Governments across the municipal, provincial, and federal levels have all sung the praises of active transportation. Craighead sees the E&N as an opportunity to provide a one-of-a-kind active transportation corridor.
Proponents of trail also say that turning the E&N into a trail would allow any First Nation that wanted their land back to get their land back, and the trail could run outside of their territory.
No matter how you look at the E&N, it’s impossible to divorce the corridor from its colonial history. The only time John A. Macdonald visited Vancouver Island was to drive the last railroad spike through the E&N — symbolically cementing the Island’s place in confederation.
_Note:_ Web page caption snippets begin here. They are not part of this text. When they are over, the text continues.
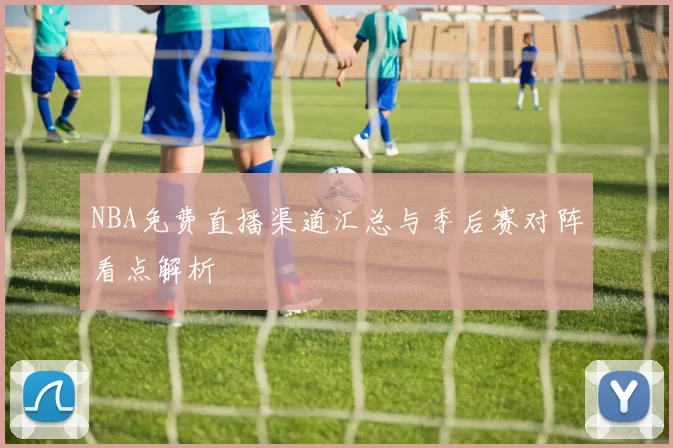 NBA免费直播渠道汇总与季后赛对阵看点解析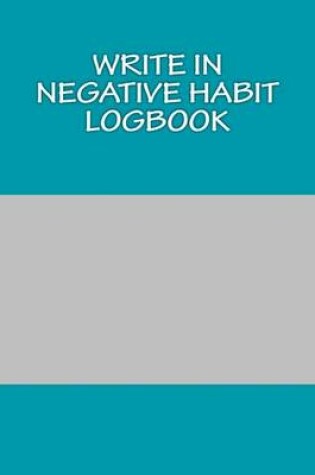 Cover of Write In NEGATIVE Habit Logbook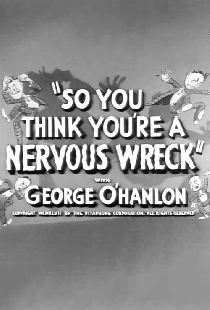 So You Think You're a Nervous Wreck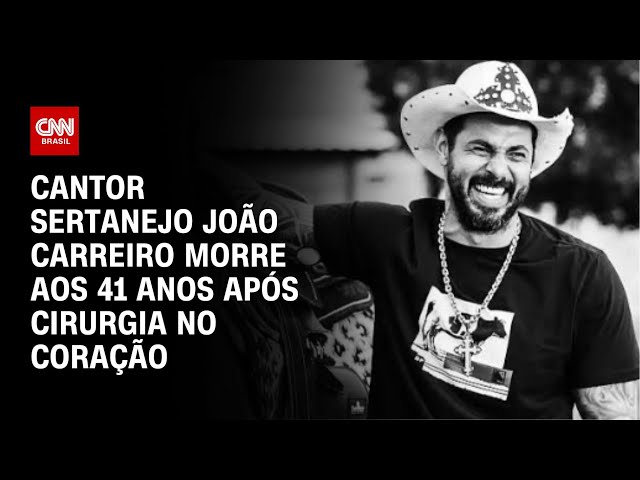 Cantor sertanejo João Carreiro morre aos 41 anos após cirurgia no coração | CNN NOVO DIA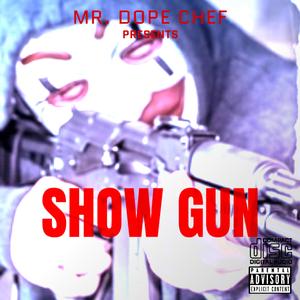 Show Gun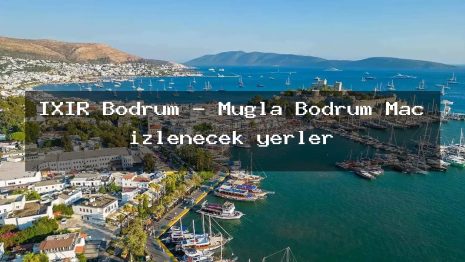 İXİR Bodrum – Muğla Bodrum Maç izlenecek yerler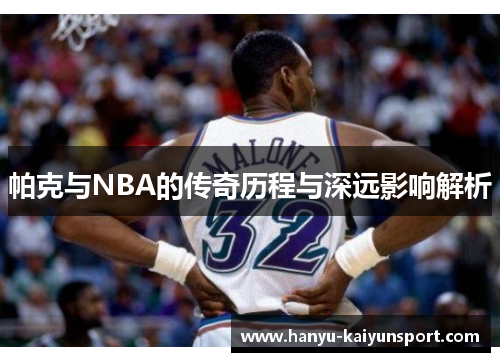 帕克与NBA的传奇历程与深远影响解析 帕克与NBA的传奇历程与深远影响解析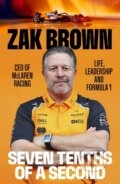 Kniha: Seven Tenths Of A Second (Zak Brown). Penguin Books, 2025 Kniha: Seven Tenths Of A Second (Zak Brown). Penguin Books, 2025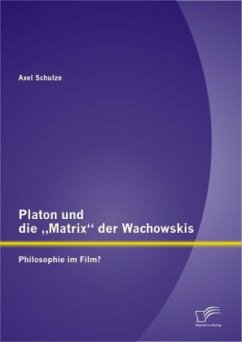 Platon und die ¿Matrix¿ der Wachowskis: Philosophie im Film? - Schulze, Axel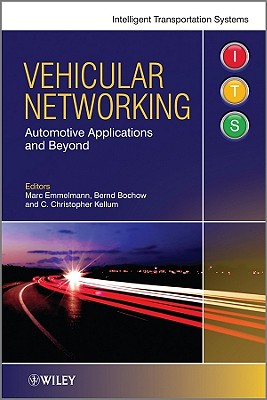 Vehicular Networking: Automotive Applications and Beyond - Emmelmann, Marc (Editor), and Bochow, Bernd (Editor), and Kellum, Christopher (Editor)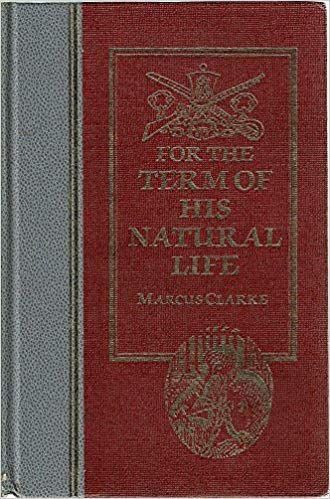 For the Term of His Natural Life by Marcus Clarke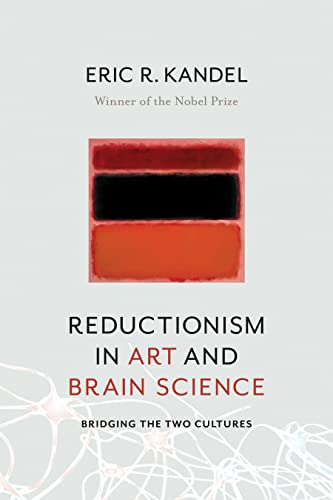 cover image Reductionism in Art and Brain Science: Bridging the Two Cultures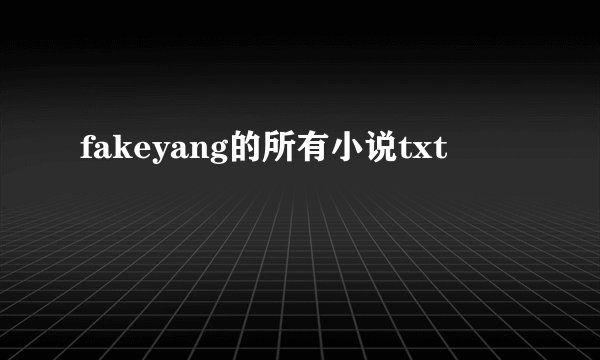 fakeyang的所有小说txt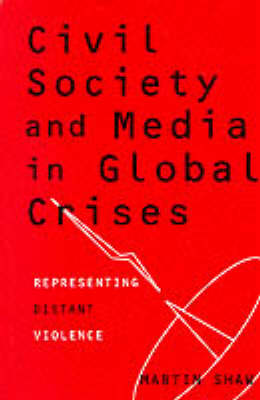 Book cover for Civil Society and Media in Global Crises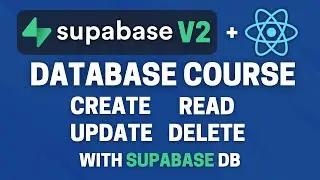 Supabase Database Course - Fetch, Create, Modify, Delete Data (React / Supabase CRUD Tutorial)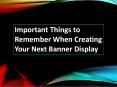 Important Things to Remember When Creating Your Next Banner Display PowerPoint PPT Presentation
It’s likely no accident that the E&N crosses the territory of 14 First Nations in a way that splits their territory. And at the time that the land was taken, it’s hard to imagine that the Nations were consulted in any meaningful way. One of the founding principles of the ICF is that it will work to benefit the First Nations communities along the path of the E&N.
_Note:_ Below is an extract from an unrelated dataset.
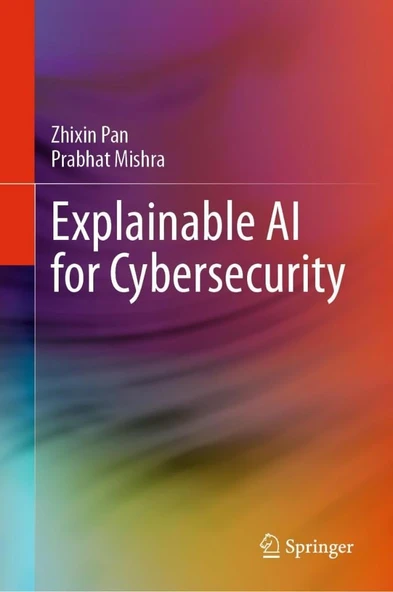 Explainable AI for Cybersecurity Pan Mishra ürün görseli 1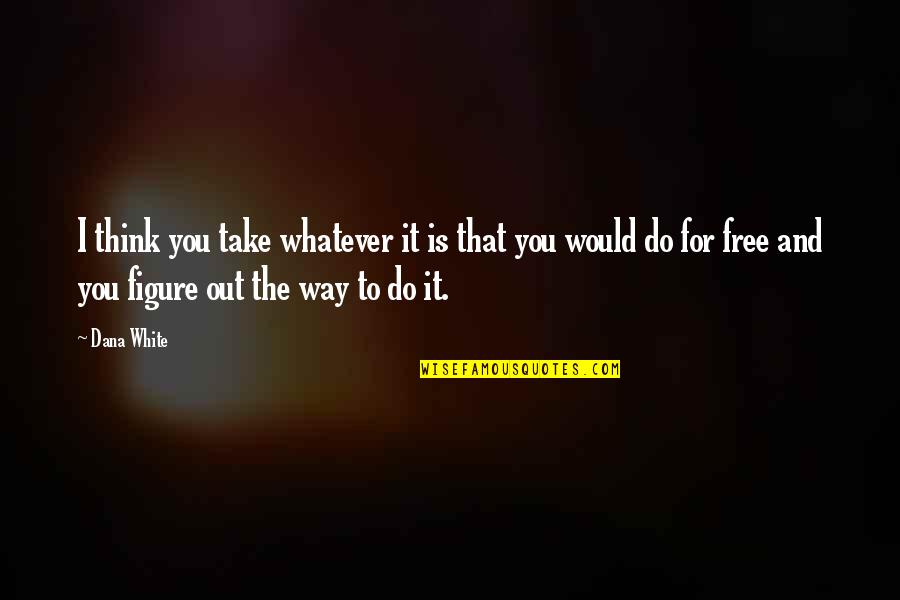 Wall Templates Quotes By Dana White: I think you take whatever it is that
14 First Nations are members of the ICF. First Nations also occupy six of the 12 seats on the ICF Board of Directors. However, multiple First Nations have taken the ICF to court in the past to get their land back, saying that there’s no viable future for rail on the Island.That’s a challenge that the newly minted ICF Board of Directors will have to address.
One key issue that came to light when Snaw-Naw-As First Nation took the ICF to court is the reversionary rights of the railway. The court noted that when the land was taken, it was taken for railway purposes. If the land is not being used for railway purposes, it may trigger the reversionary rights and the land would return to the state in which it was taken — reverting back to whoever the land was taken from, primarily First Nations and the Federal government.
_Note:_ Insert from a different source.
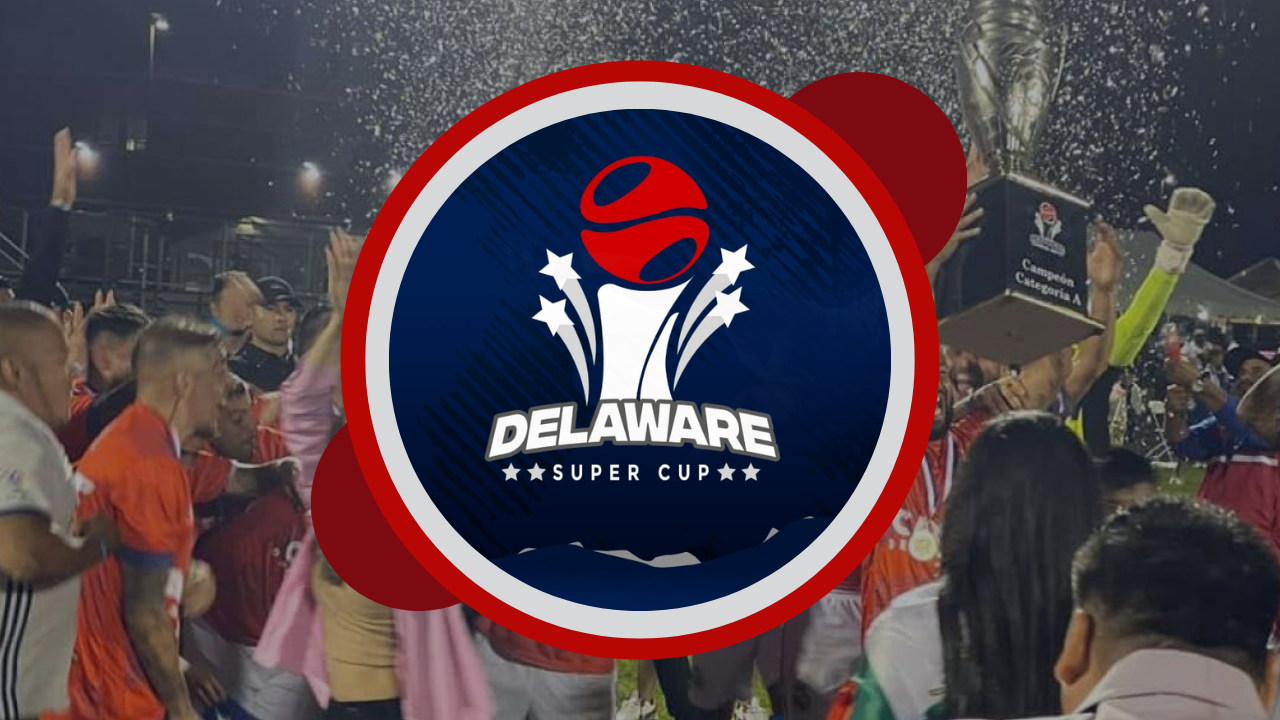 ¿Qué es la Delaware Super Cup? Reglas del torneo amateur más grande de Estados Unidos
Ultimately, the debate over whether to make the E&N a trail comes down to cost, benefit, and risk. No matter what estimate or study you look at, we all know that the costs of restoring rail service will be high. The potential unknowns of what land reversion would look like could also result in high costs and protracted legal battles. So what is the best way forward?
One option, which has potentially the highest costs, highest benefits and sufficient risk, would be having a “rail with trail” option, where rail service is restored and trails are built in the rail right of way. The E&N’s numerous crossings, bridges, tight corners, and tunnels will pose a huge engineering challenge. The costs of carrying out this work would likely be astronomical.
If it could be properly funded, a rail with trail option would meet the needs of everyone and would provide opportunities for the communities that the E&N crosses. Tourism and transportation opportunities would be abundant in a world where people could choose to hike, bike, or train their way across Vancouver Island’s east coast. But the debate about whether that’s worth the cost — or if it’s even possible for an engineering perspective — will rage on.
Whatever the future of the E&N may be, the E&N corridor must truly serve everyone on Vancouver Island for that future to be successful. The ICF must demonstrate that the corridor will bring tangible benefits to the First Nations whose land was taken to establish the railway and the benefits must be worth the significant costs associated with creating a lively E&N corridor.
The one thing that Vancouver Island cannot afford is further inaction on the E&N corridor. No matter what happens, it’s time to get moving on the E&N.